Mais est-ce le cas ? Il n’y a qu’à voir la deuxième partie de l’article de Florian Cova pour constater qu’indubitablement non. Florian Cova utilise les principes qu’il a posés pour argumenter en faveur du végétarisme, et les mêmes principes pour argumenter en faveur de l’avortement. Dans les deux cas, il est possible que du mal soit fait à des sujets de droit (les animaux, les fœtus), mais dans un cas seulement (le premier), Cova applique une espèce de principe de précaution. La distinction qu’il fait entre les deux cas repose, en dernière analyse, sur un argument quantitatif :
La seconde différence concerne le nombre de victimes potentielles : le nombre de victimes potentielles qui seraient sauvées par l’établissement de la norme selon laquelle il ne faut pas avorter est largement inférieur au nombre de victimes potentielles qui seraient sauvées par le fait de renoncer à manger de la viande. En effet, les décisions d’avorter (ou pas) dans la vie d’une femme se comptent généralement sur les doigts d’une main, tandis que le nombre d’animaux qui seront sacrifiés à l’appétit d’un mangeur de viande durant sa vie dépassera facilement la centaine (pour estimer ce chiffre très à la baisse).
Mais cet argument quantitatif est contestable, puisqu’il suppose de fixer un seuil arbitraire. Il est parfaitement plausible d’imaginer une personne raisonnable et intelligente qui, à partir des mêmes principes que ceux proposés par l’auteur, arrive à des conclusions divergentes – par exemple, à la conclusion qu’il est immoral d’avorter. Quant aux trois principes eux-mêmes, rappelés au début de cet article, ils sont sans doute susceptibles d’appeler eux aussi des discussions – mais ma démonstration générale peut se passer de la démonstration précise de ce point.
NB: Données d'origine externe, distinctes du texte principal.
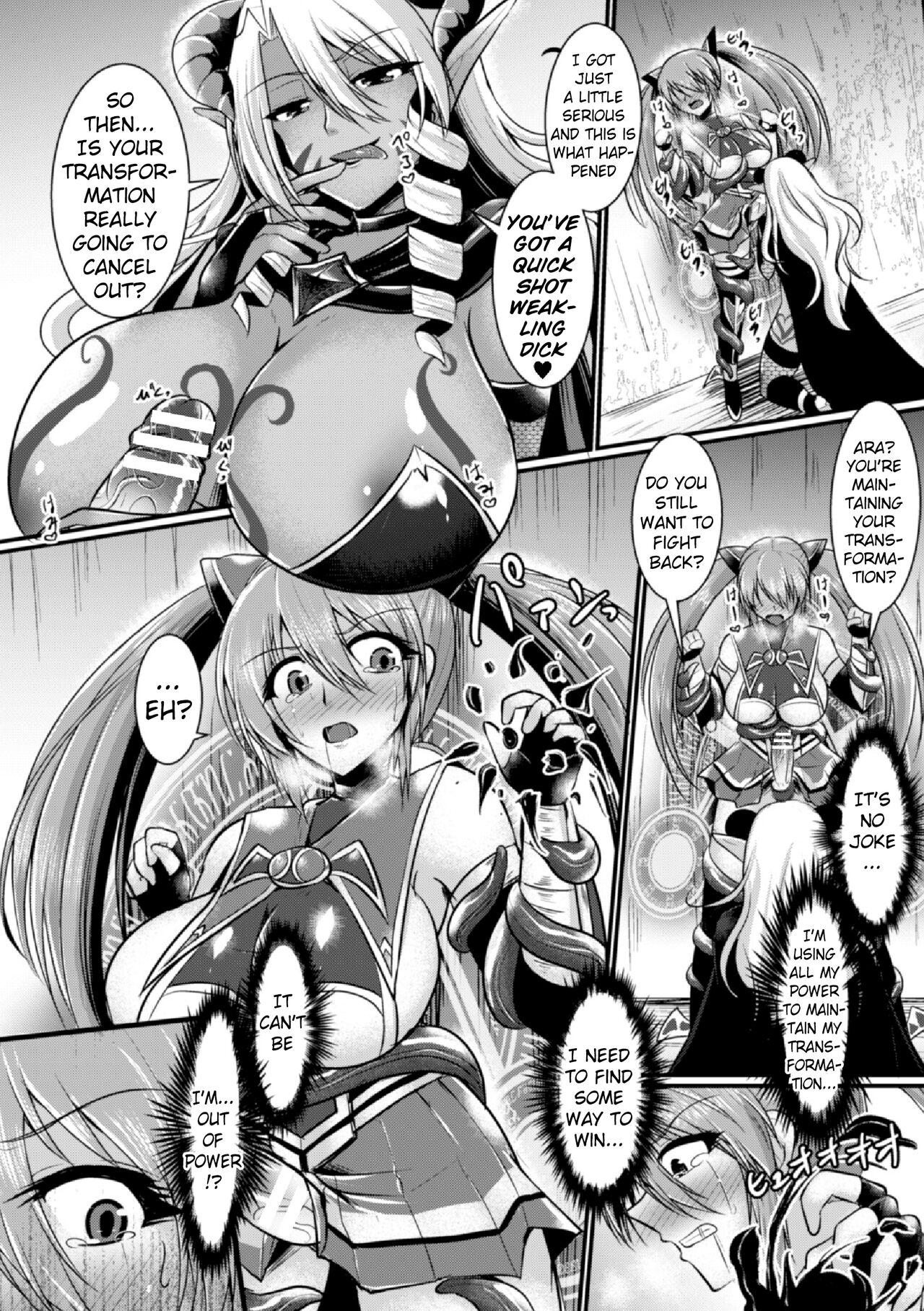 Sweet Yoru no Onna Senshi Night Mirage | Female Warrior of the Night: Night Mirage Gay Facial - Page 10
Par conséquent, on se retrouve exactement dans la position initiale : on a une « morale par provision » qui est en fait une morale tout court, et dont les principes ne sont pas mieux assis que ceux de la morale dont on s’est initialement débarrassé-e. Que reste-t-il à faire, si l’on continue à considérer la situation d’ « incertitude morale » comme problématique ? Naturellement, à construire… une morale par provision. Une morale par provision au carré, plus exactement, ou une morale pratique par provision, etc. Mais on ne voit pas comment cette morale par provision au carré pourrait échapper aux défauts de cette morale par provision tout court, et comment on pourrait, à l’issue de l’affaire, ne pas se rendre compte que nous avons décidément besoin d’une morale par provision au cube, et ainsi de suite. Il semble bien que pour toute morale par provision à la puissance n, nous risquions de nous rendre compte que nous avons besoin d’une morale par provision à la puissance (n+1). Nous nous retrouvons donc prisonnier-e-s d’un cycle infernal de morales par provision…
Conclusion
Florian Cova a l’honnêteté de reconnaître qu’il n’est pas entièrement satisfait de son résultat, tout en signalant qu’il est probablement impossible de faire mieux. Mais les critiques que je viens d’adresser à sa démarche concernent, selon moi, tout projet similaire visant à établir une « morale par provision », et pas seulement le projet spécifique proposé par Florian Cova. Par conséquent, cet article plaide non pas simplement contre la « morale par provision » proposée par Cova, mais contre toute espèce de « morale par provision » distincte de la « morale » tout court, et en faveur de ce que l’on pourrait pompeusement appeler un unitarisme moral.
[1] Florian Cova parle, à d’autres endroits de son article, d’ « ignorance morale ».